Nearly two months to the day after a judge signed off on a record-breaking $115 million class action lawsuit triggered by Anthem Inc.’s massive breach, the HHS Office for Civil Rights (OCR) announced a historic $16 million settlement against the Indiana-based health plan for the same incident.

In addressing the size of the settlement, OCR Director Roger Severino says that the “largest health data breach in U.S. history fully merits the largest HIPAA settlement in history.” But OCR provided no specific information regarding how it arrived at the $16 million figure.
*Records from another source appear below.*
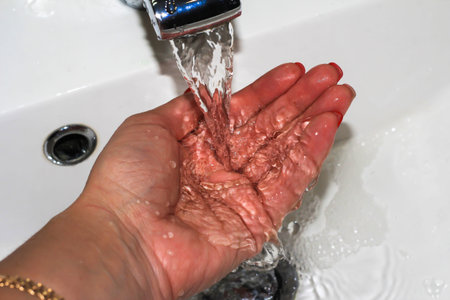 Water from the tap flows on a woman's hand. Hygiene of the person. Saving natural resources.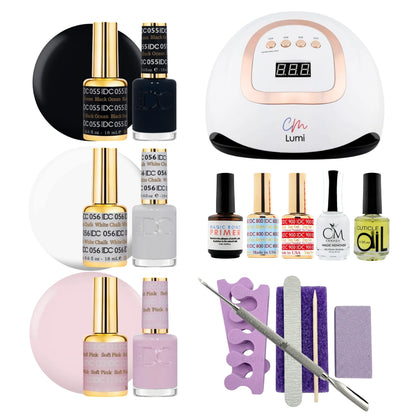 A nail polish starter kit and manicure set arranged on a white background, including a white UV lamp with a digital display, several nail polish bottles in black, white, pink, and yellow, a purple nail file tray, purple and lavender files, a metal cuticle tool, and other small accessories. Visible branding includes DC DND gel polish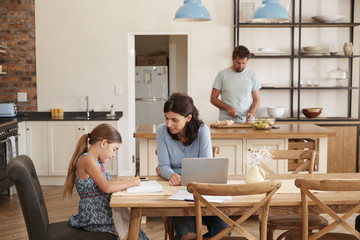 Mother Helps Daughter With Homework As Father Makes Meal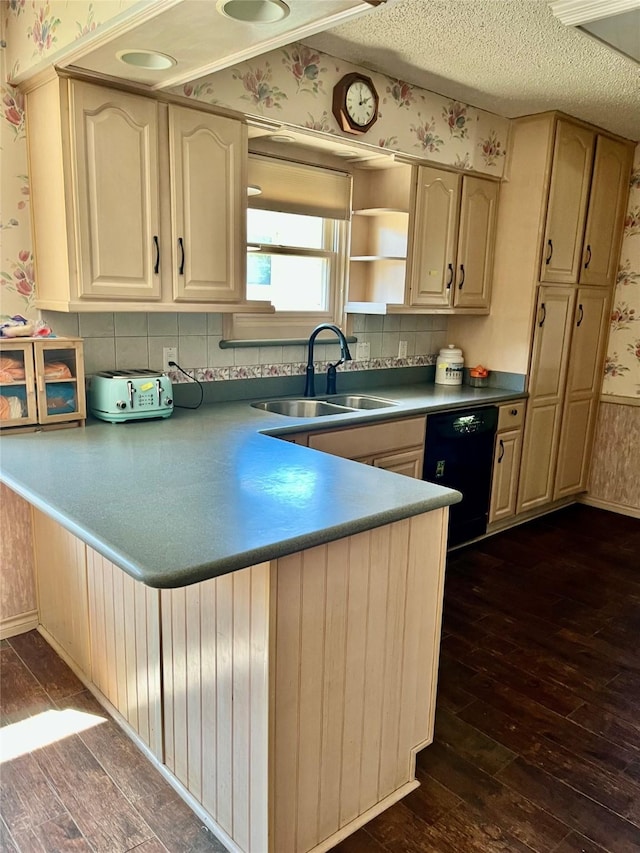 2124 Parkhaven Dr, Plano, TX 75075 - kitchen with a textured ceiling, dishwasher, a sink, wallpapered walls, and dark wood-style floors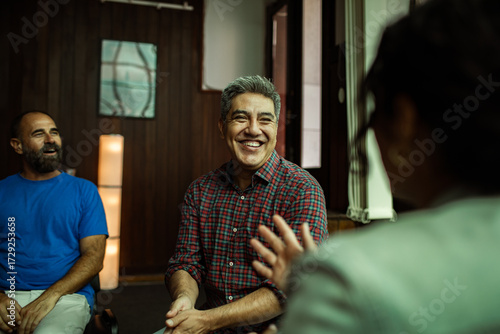 People talking in a group therapy session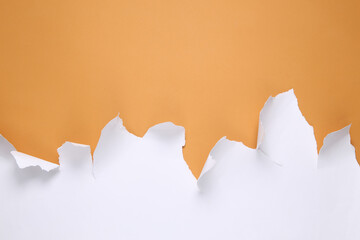White Torn paper sheet on beige background. Minimalistic background. Copy space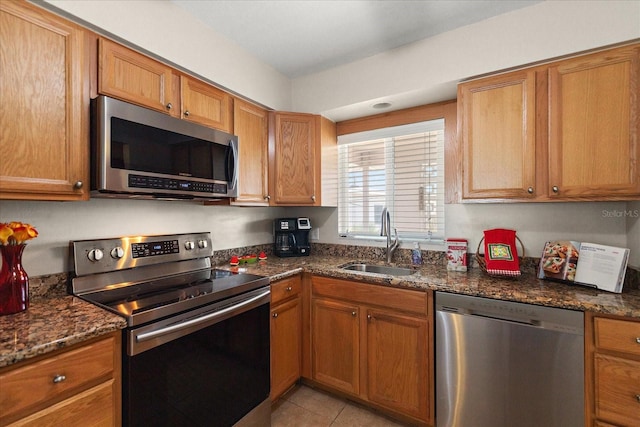 7003 Sunset Way Unit 6, St Pete Beach, FL 33706 - kitchen featuring stainless steel appliances, brown cabinets, dark stone counters, and light tile patterned floors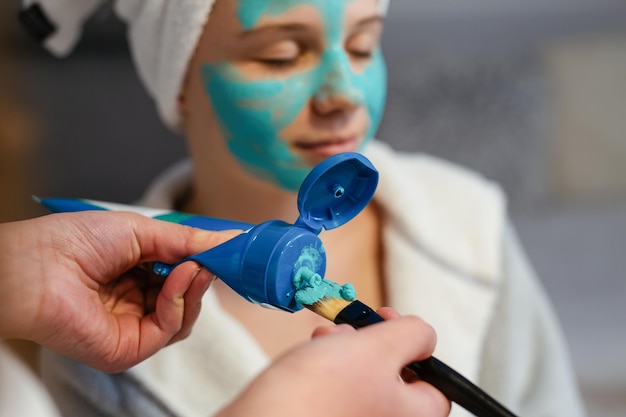 Máscara de peeling facial Menina adolescente aplicando máscara facial de argila Tratamentos de beleza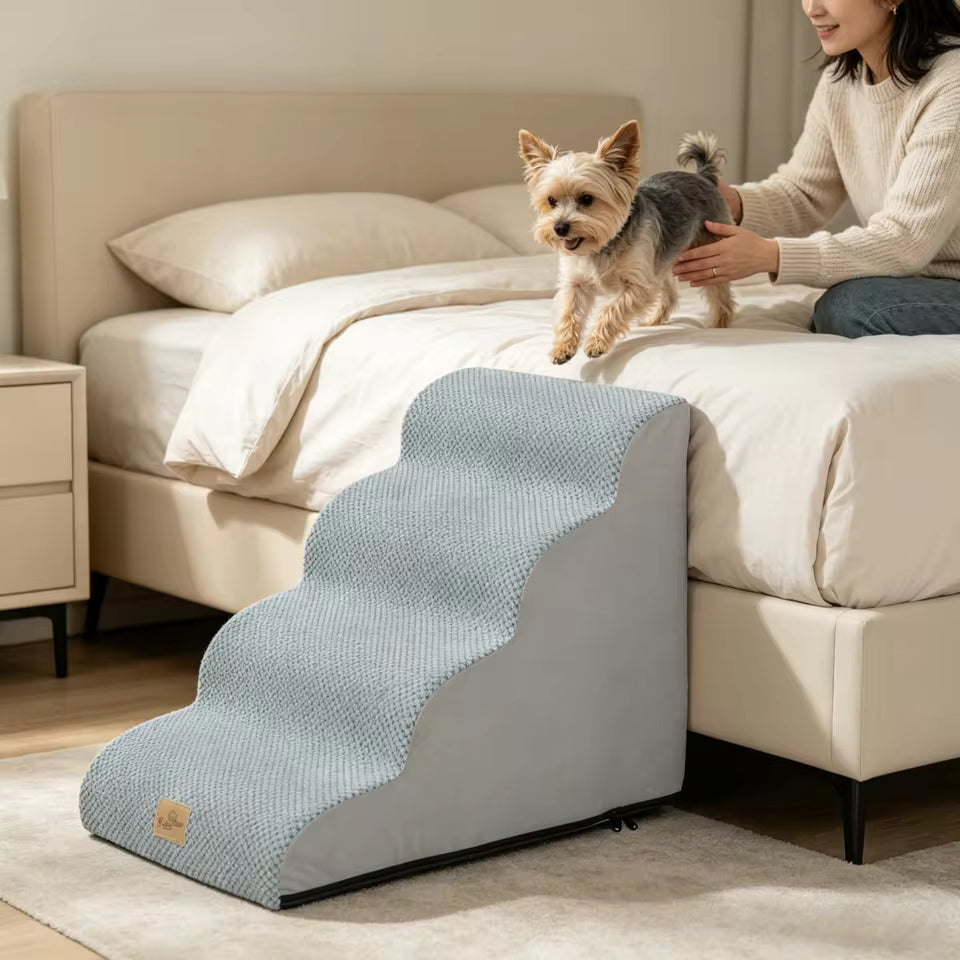 A small dog jumps off a bed next to gray pet stairs with a woman nearby.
Anthem also would not address this issue.

For its part, Anthem seemed glad to put the matter behind it—especially given OCR’s action marks Anthem’s third set of formal consequences stemming from the 2014 phishing attack in which hackers laid in wait for almost a year before siphoning the protected health information (PHI) from an estimated 78.8 million individuals, presumably Anthem’s entire book of business (RPP 3/15, p. 1).

With less than 60 days to go in 2018 and $20.6 million already in the bank, the settlement inches OCR closer to its 2016 record of collecting $23.5 million from errant HIPAA covered entities (CEs) and business associates (BA). (For a look at annual amounts, see table, p. 7.) The settlement is OCR’s sixth of the year, although three were part of a mega-settlement related to the filming of a Boston television series (RPP 10/18, p. 1).

Anthem Alleged to Suffer Multitude of Problems

The 2014 Anthem Inc. hack, according to the individuals who sued following the breach affecting 79 million individuals, was a crime of opportunity that resulted because the health plan “failed to implement basic policies and procedures that could have prevented the attack,” in the words of current and former Anthem members. A class action suit against Anthem was recently settled for $115 million (RPP 9/18, p. 1). In addition, the HHS Office for Civil Rights collected $16 million from Anthem for the same breach (see story, p. 1).

The suit alleged Anthem also “needlessly maintain[ed] information regarding former customers (as far back to 2004) on their databases and servers.”

Filed in 2017, a 291-page amended complaint, representing plaintiffs from suits around the country, alleged a list of “failures” in basic HIPAA-related practices. Although some of the list was redacted, much is not.

Generally, the suit derides Anthem for failing to “implement basic technology monitoring systems that would have detected the cyber attackers’ activities, such as monitoring data usage on the system, monitoring data extraction, or performance monitoring.” Of interest to compliance officers, the list also includes that Anthem “lacked reasonable encryption policies.”

An Anthem official, according to the suit, “publicly admitted that a large portion of the Anthem database was not encrypted. Instead, Anthem and Anthem affiliates only used encryption when data was being moved around within their information environment and for such things as mobile phones and laptops.”